THE PROBLEM: Please reproduce all of the listing below exactly and drop its images.

SUPPLIED MATERIAL:

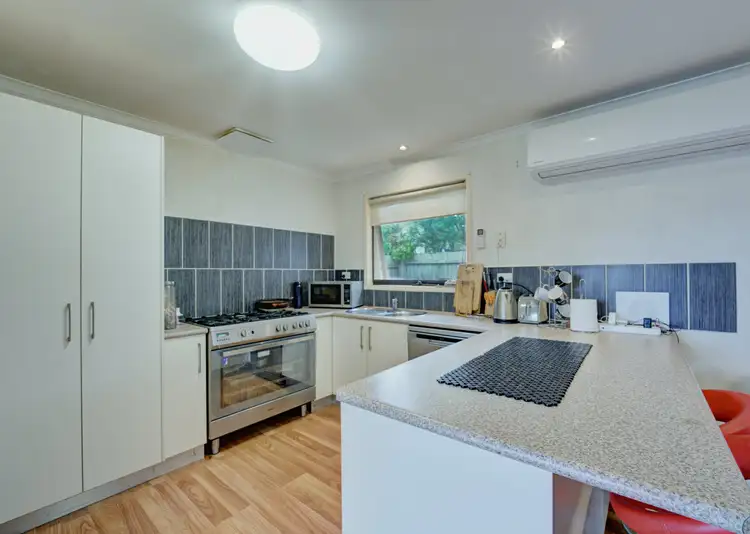 Third view of Homely unit listing, Unit 3/54 Main Road, Paynesville VIC 3880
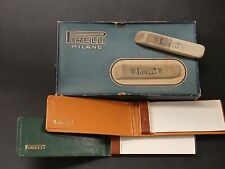 PIRELLI LOTTO PUBBLICITARIO 4 PEZZI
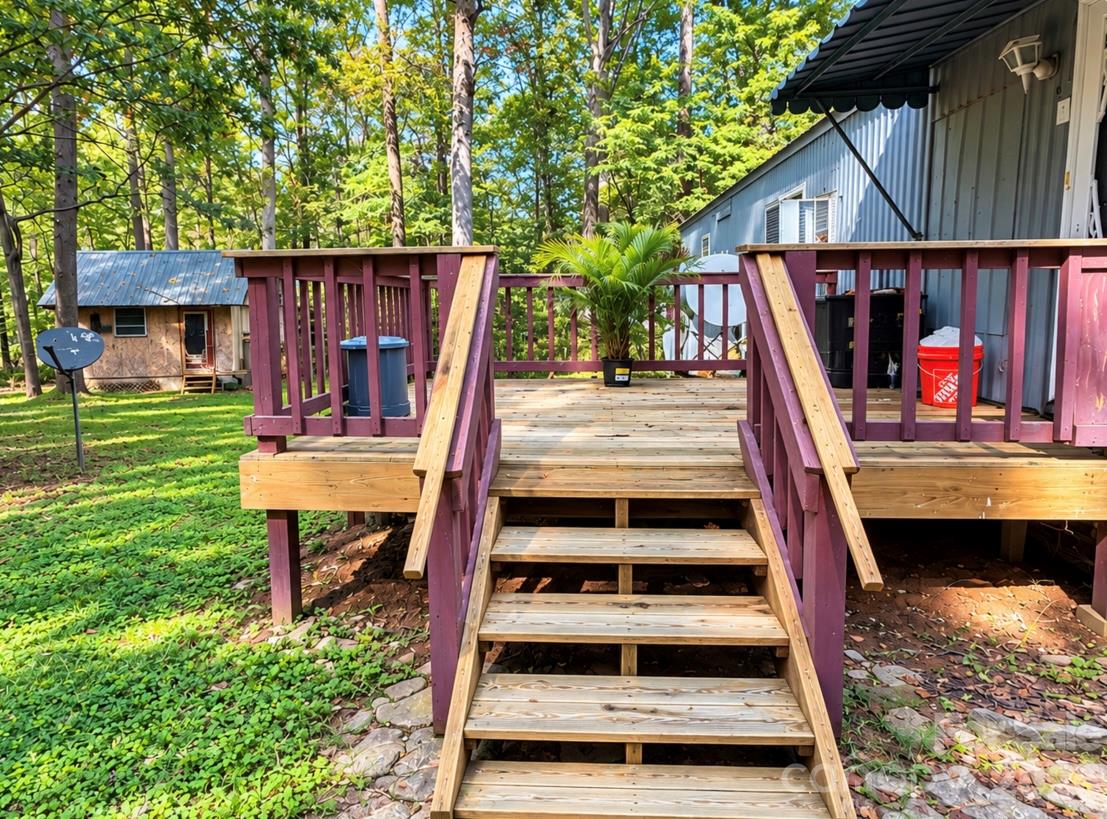 Single Family Residence at 124 Arbor Drive, Statesville, photo 11 of 11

ANSWER BOX:
 Third view of Homely unit listing, Unit 3/54 Main Road, Paynesville VIC 3880
 PIRELLI LOTTO PUBBLICITARIO 4 PEZZI
 Single Family Residence at 124 Arbor Drive, Statesville, photo 11 of 11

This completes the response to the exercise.